This Week's Bedtime Math Problem: The Fuzzier, The Better
A message from Laura: Bedtime Math is a pretty simple idea: we all know we should read to our kids at night, but what about math? My husband and I have done fun, mischief-loaded math problems with our kids at night for years, and when at age 2 our third child started hollering for his own math problem, we realized we were onto something: In a world where so many people say “Ewww, math!”, we had created a household culture where kids don’t just tolerate math, they actually seek it out. Now we email parents a fun, lively math problem every day to do with their kids – and every week, we’ll be posting a new problem right here on Scholastic Parents! Check out this week’s problem below.

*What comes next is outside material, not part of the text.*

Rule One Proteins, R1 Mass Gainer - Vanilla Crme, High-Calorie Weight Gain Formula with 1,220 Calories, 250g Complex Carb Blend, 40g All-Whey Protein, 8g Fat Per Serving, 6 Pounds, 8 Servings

Most animals, including people, are cutest when they’re small. And that holds true more than ever for farm animals. That’s why little kids’ books and toys are all about baby chicks, calves and ducklings instead of, say, squid.
All those fluffy farm babies are being born right now, so they have as long as possible to grow big and strong before winter. That makes for quite a racket on the farm.
Wee ones (counting on fingers): If Momma Sheep (also called a ewe) has 2 baby lambs, Momma Cow has 1 calf, and Momma Horse (mare) has 1 foal, how many babies were born?
Little kids: If the farm has 12 Momma Sheep, and half of them have a single lamb and half have twin lambs, how many lambs were born? Bonus: If half the new lambs are girls, how many female sheep will there be in the flock after the babies are born?
Big kids: If all the momma cows, sheep and horses have 24 new babies in total, how many new legs are walking around? Bonus: If 1/2 the new babies are mooing and 1/3 of them are neighing, how many of them are baaing?
Wee ones: 4 baby animals.
Little kids: 18 lambs. Bonus: 21 girls: the 12 mommies, and the 9 girl lambs.
Big kids: 96 legs. Bonus: 4 baaing lambs.